━━ SOURCE DATA
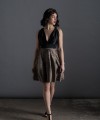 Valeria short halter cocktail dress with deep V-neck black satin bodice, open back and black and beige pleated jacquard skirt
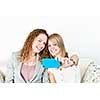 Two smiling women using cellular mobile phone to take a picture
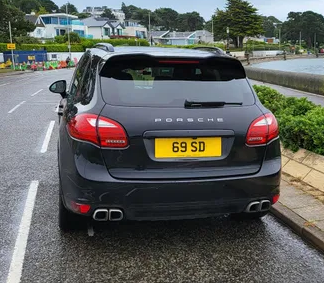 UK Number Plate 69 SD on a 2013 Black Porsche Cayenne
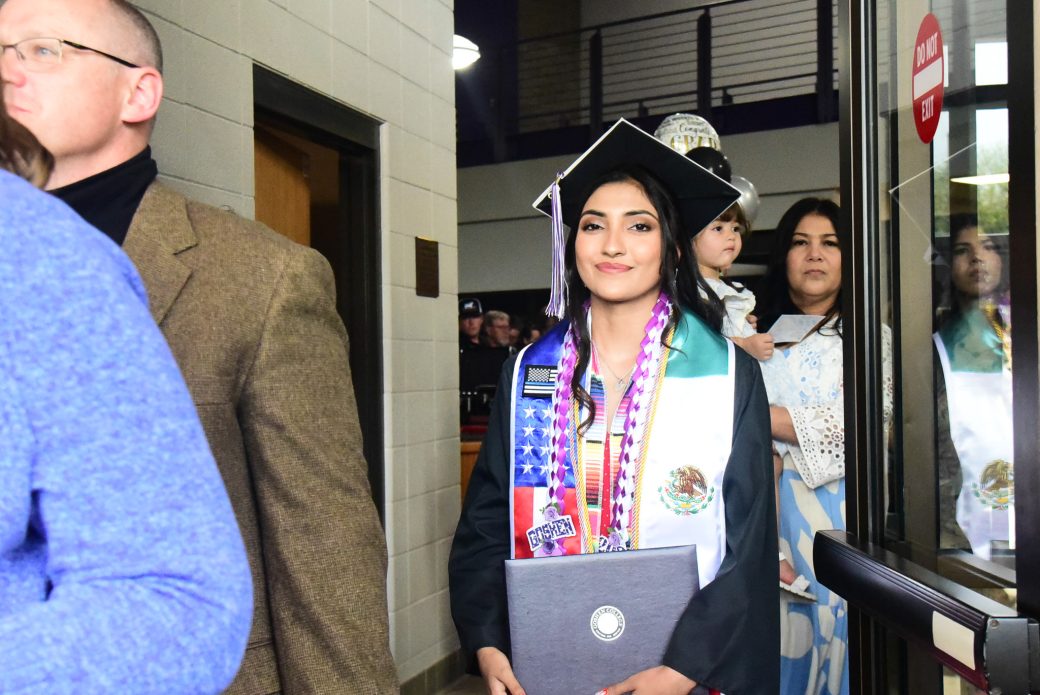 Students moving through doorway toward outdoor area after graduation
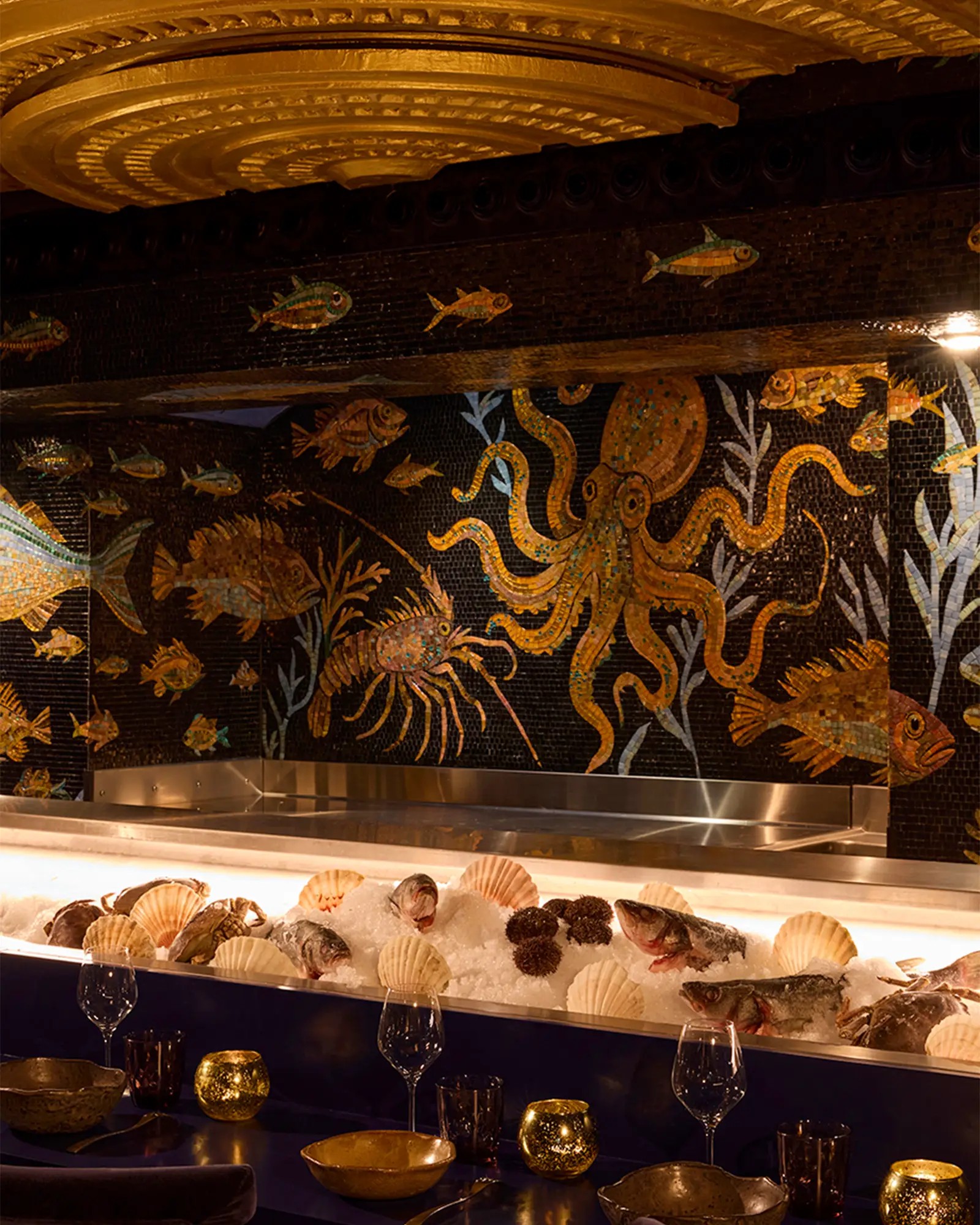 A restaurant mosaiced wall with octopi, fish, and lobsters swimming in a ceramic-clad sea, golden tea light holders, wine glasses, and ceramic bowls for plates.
━━━━
━━ SOURCE DATA
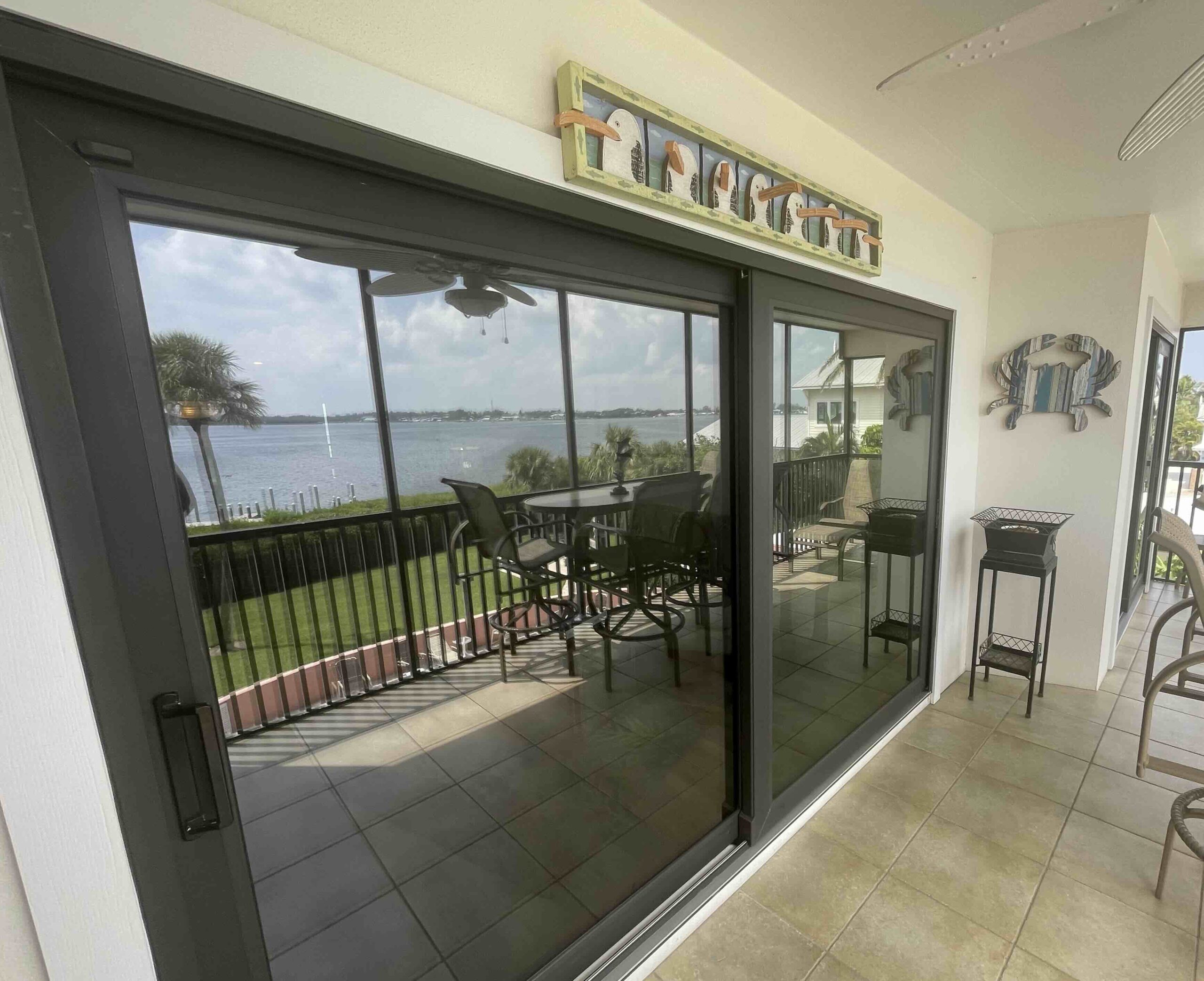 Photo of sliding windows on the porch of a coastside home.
━━━━
━━ SOURCE DATA
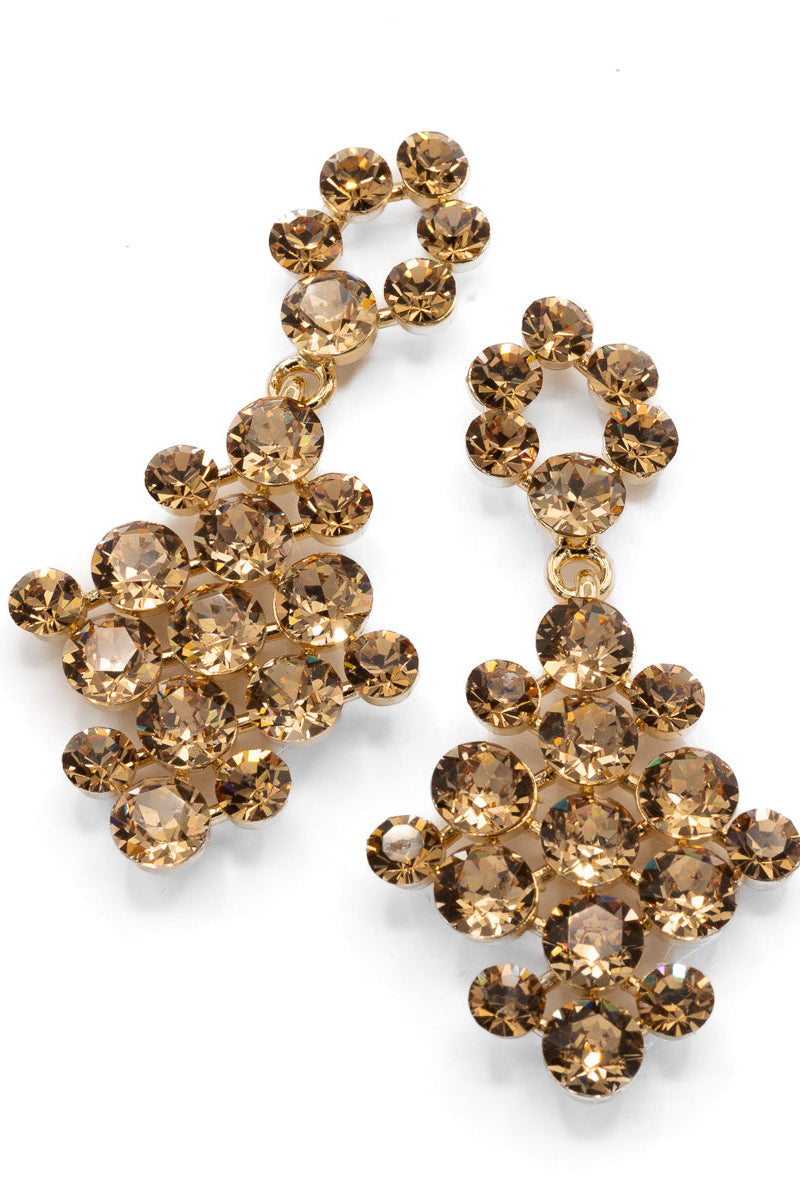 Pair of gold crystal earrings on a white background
━━━━
Exact copy, no pictures. Write out the lines in the entries above, starting with the line with "Students moving through" and going on through the line with "A restaurant mosaiced", keeping both.

◆ **EXERCISE RESULT**:
 Students moving through doorway toward outdoor area after graduation
 A restaurant mosaiced wall with octopi, fish, and lobsters swimming in a ceramic-clad sea, golden tea light holders, wine glasses, and ceramic bowls for plates.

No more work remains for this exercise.